We know the Muse of History may be, and often is, startled from her propriety for a time; but she will soon regain her equipoise. Our late enemy has unwittingly furnished the great reservoir from which the truth can be drawn, not only in what they have said about us and our cause, both before and since the war; but in the more than the one hundred volumes of the official records published under the authority of Congress. We are content to await, ‘with calm confidence,’ the results of the appeal to these sources.

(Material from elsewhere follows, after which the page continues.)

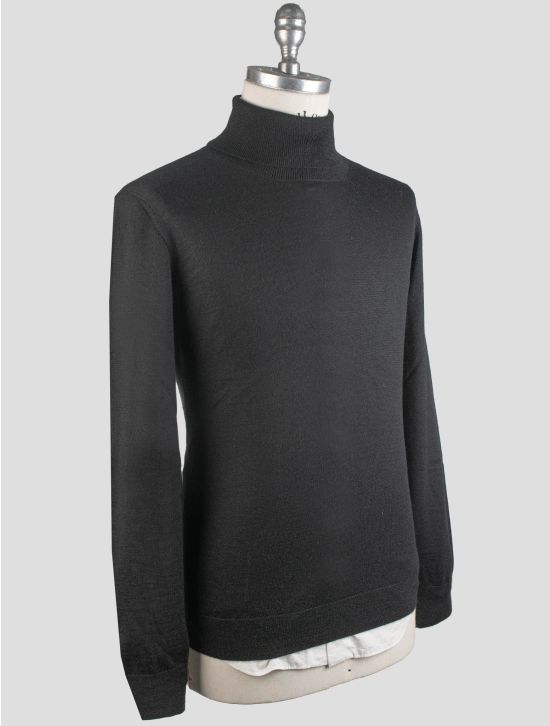 Gran Sasso Gran Sasso Black Cashmere Silk Sweater Polo Black 001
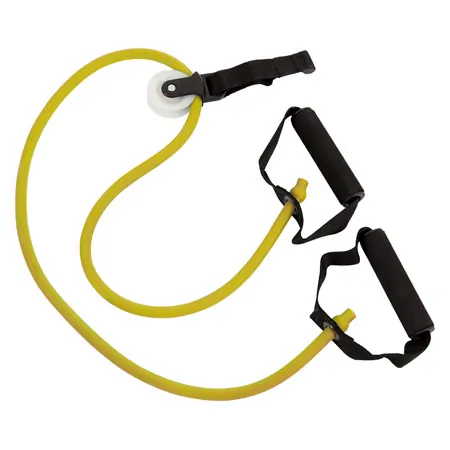 Shoulder Tube Pulley Set, lightweight, yellow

We have, as already stated, in this report, attempted to vindicate our cause, by referring to testimony furnished almost entirely from the speeches and writings of our adversaries, both before and since the war. We believe we have succeeded in doing this. Nay, the judgment, both of the justice of our cause and the conduct of the war, on our part, has been written for us, and that too by the hand of a Massachusetts man. He says of us:

‘Such exalted character and achievement are not all in vain. Though the Confederacy fell as an actual physical power, she lives illustrated by them, eternally in her just cause—the cause of Constitutional liberty.’

Then, in the language of the Virginia Laureate again, we say:

Then stand up, oh my countrymen,
     And unto God give thanks
On mountains and on hillsides
     And by sloping river banks,
Thank God, that you were worthy
     Of the grand Confederate ranks.

[194] Since your last year's Report was mainly directed to the vindication of our people from the false charge that we went to war to perpetuate slavery, we have thought we could render no more valuable service in this Report, than to show—(1) That we were right on the real question involved in the contest; and (2) That notwithstanding this, and the further fact, that the South had never violated the Constitution, whilst the North had confessedly repeatedly done so; nay, that fourteen of the sixteen Free States had not only nullified, but had defied acts of Congress passed in pursuance of the Constitution, and the decisions of the Supreme Court sustaining those acts, and that the North, and not the South, had brought on the war. We believe we have established these propositions by evidence furnished by our late adversaries; and the last, by that of Mr. Lincoln himself. On this testimony, we think we can afford to rest our case. And we believe that the evidence furnished in our last Report, and in this, will establish the justice, both of our cause and of the conduct of our people in reference to the war.